Dopo l’uccisione di Al Zarqaoui da parte degli americani, Abou Hamza Al Mouhajer ha perso il comando di Al Qaeda in Iraq, che assieme ad altri gruppi jihadisti hanno annunciato la creazione del Consiglio consultivo dei mujahideen in Iraq (Majlis shura al moujahideen), succeduto dalla creazione dello “Stato Islamico dell’Iraq” guidato da Abu Omar al-Baghdadi e Abu Ayyub al-Masri nel 2006. Questa mossa però è stata molto criticata sia dai leader di Al Qaeda che da altri gruppi jihadisti. É stato l’ inizio di una fase involutiva dell’organizzazione tra frammentazioni e conflitti interni, dalla “scomparsa” di Bin Laden nel maggio 2011 alla guerra in Siria.
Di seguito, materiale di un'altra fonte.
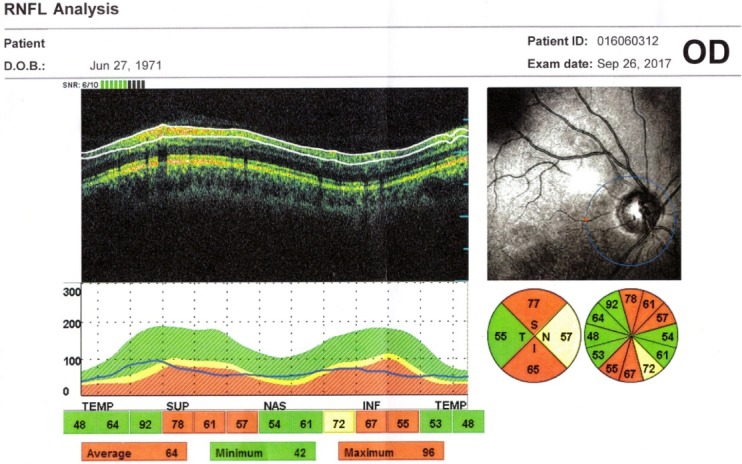 Fig. 6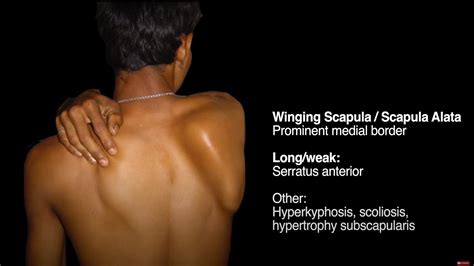 Scapular Alignment | Scapular Dyskinesis Assessment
La proclamazione dello “Stato islamico in Iraq e nel Levante” (ISIS) e la restaurazione del califfato dalla parte di Abu Bakr al-Baghdadi al-Husseini al-Qurashi nel giugno 2014 sembra aver messo Al Qaeda in crisi; Al Baghdadi, - o califfo Ibrahim come gli piace essere chiamato – ha preso distanza dall’organizzazione madre dopo l’opposizione di Ayman Al zawahiri alla fusione ISIS e Il Fronte Al Nousra Di Abou Mohamad Al Joulani. Le divergenze sugli obiettivi dello Jihad hanno provocato persino scontri tra i combattenti dei due gruppi in Siria dove il Fronte Al Nousra è molto attivo nella guerra contro il regime di Bashar Al Assad. Ora lo stato Islamico Di Al Baghdadi - che controlla una superficie grande come la Giordania – benchè attaccato dai curdi e dagli americani, continua a guadagnare terreno e popolarità negli ambiti jihadisti non solo in Iraq e Siria dove regnano le bandiere nere, ma pure in altri Paesi arabi. Il califfo sembra avere tutti gli ingredienti per diventare un numero difficile in un’area che vive in un vero stato di emergenza. Nel frattempo, aL Qaeda - nella persona del suo leader Al Zawahiri - , sta osservando l’avanzata devastante dello stato islamico con cautela e preoccupazione. Nella gara dell’estremismo c’è sempre qualcuno che cerca la medaglia d’oro.